Please keep the images out and set down the data exactly as given.

SOURCE DATA
=-=-=-=-=

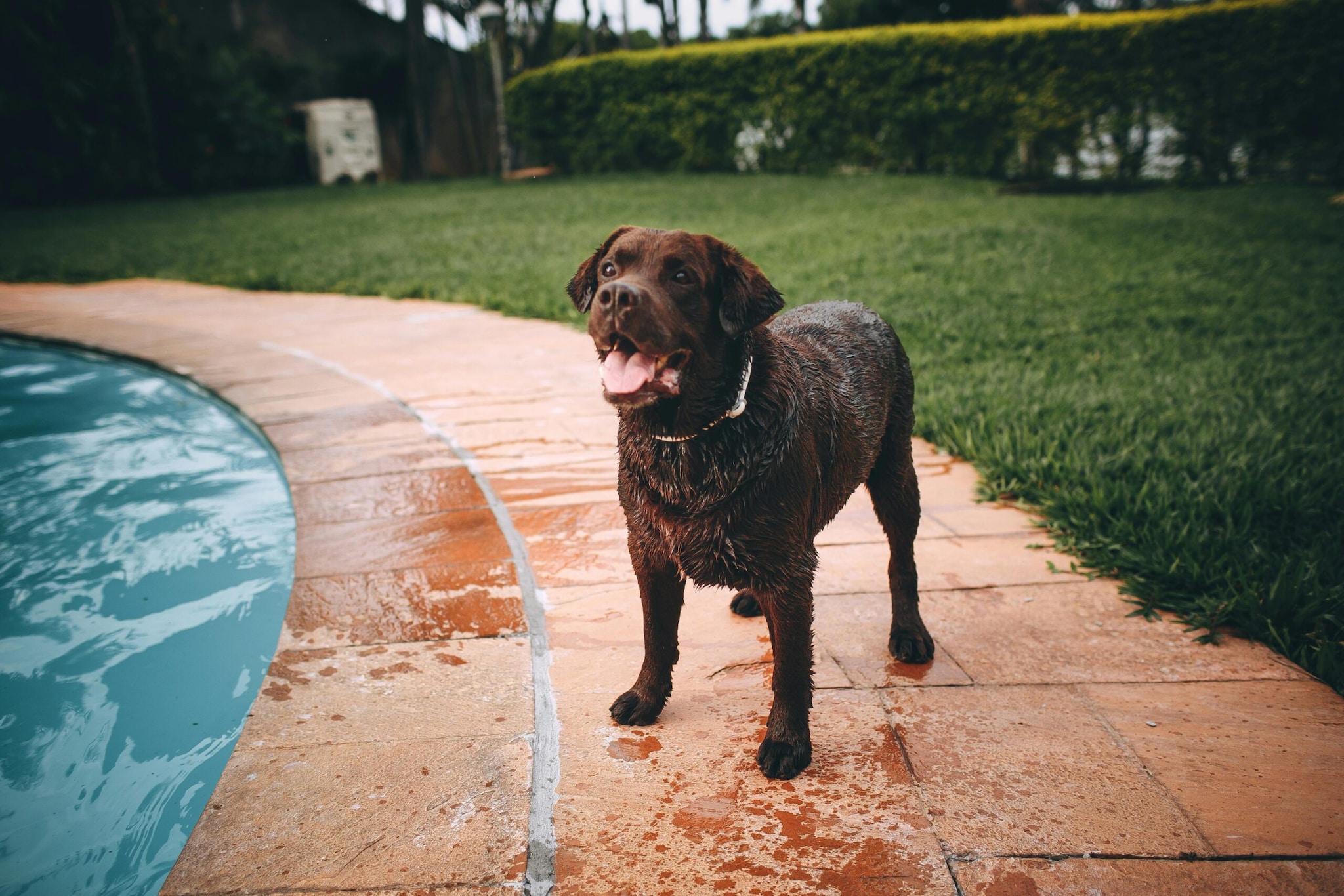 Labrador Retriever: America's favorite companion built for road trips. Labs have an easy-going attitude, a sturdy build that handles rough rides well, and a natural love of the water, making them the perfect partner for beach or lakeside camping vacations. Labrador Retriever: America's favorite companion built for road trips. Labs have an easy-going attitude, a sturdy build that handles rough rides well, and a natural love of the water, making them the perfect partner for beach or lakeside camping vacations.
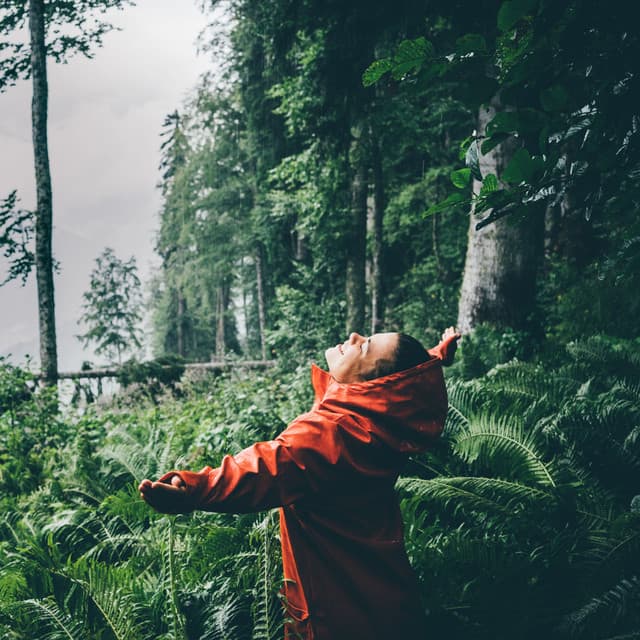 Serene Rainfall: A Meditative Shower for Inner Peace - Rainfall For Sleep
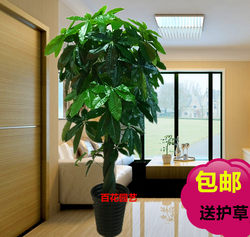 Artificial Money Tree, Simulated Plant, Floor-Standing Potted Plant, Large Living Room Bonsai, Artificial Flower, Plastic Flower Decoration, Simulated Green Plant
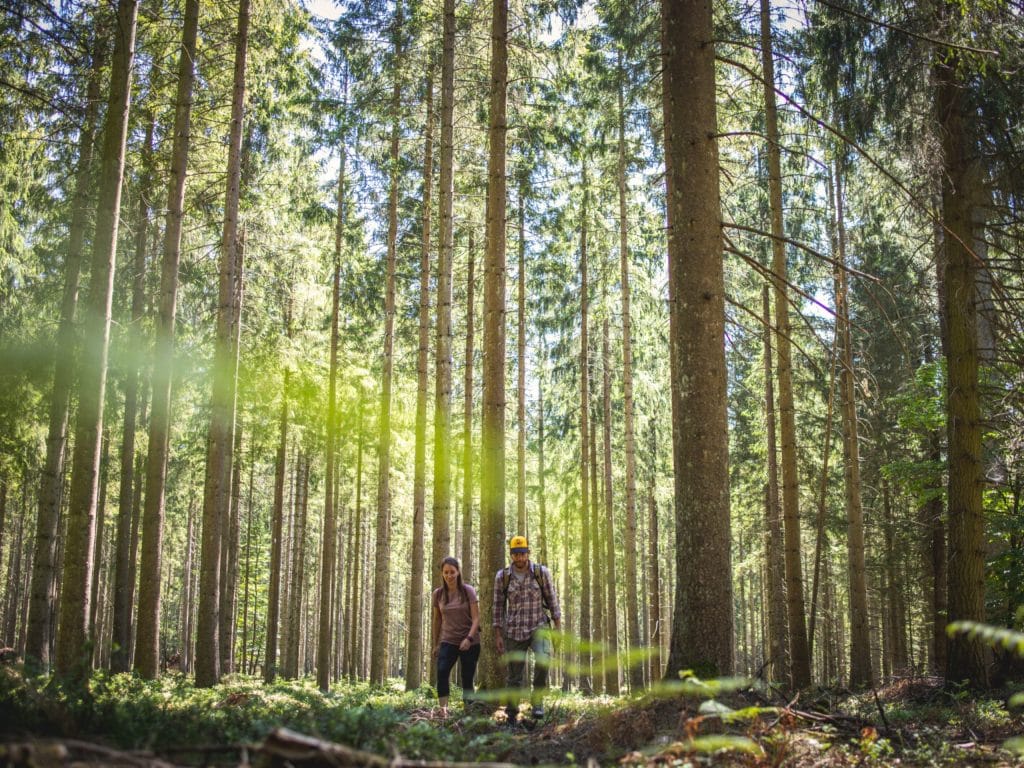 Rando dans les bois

=-=-=-=-=

SOLUTION FOR THIS TASK
 Labrador Retriever: America's favorite companion built for road trips. Labs have an easy-going attitude, a sturdy build that handles rough rides well, and a natural love of the water, making them the perfect partner for beach or lakeside camping vacations. Labrador Retriever: America's favorite companion built for road trips. Labs have an easy-going attitude, a sturdy build that handles rough rides well, and a natural love of the water, making them the perfect partner for beach or lakeside camping vacations.
 Serene Rainfall: A Meditative Shower for Inner Peace - Rainfall For Sleep
 Artificial Money Tree, Simulated Plant, Floor-Standing Potted Plant, Large Living Room Bonsai, Artificial Flower, Plastic Flower Decoration, Simulated Green Plant
 Rando dans les bois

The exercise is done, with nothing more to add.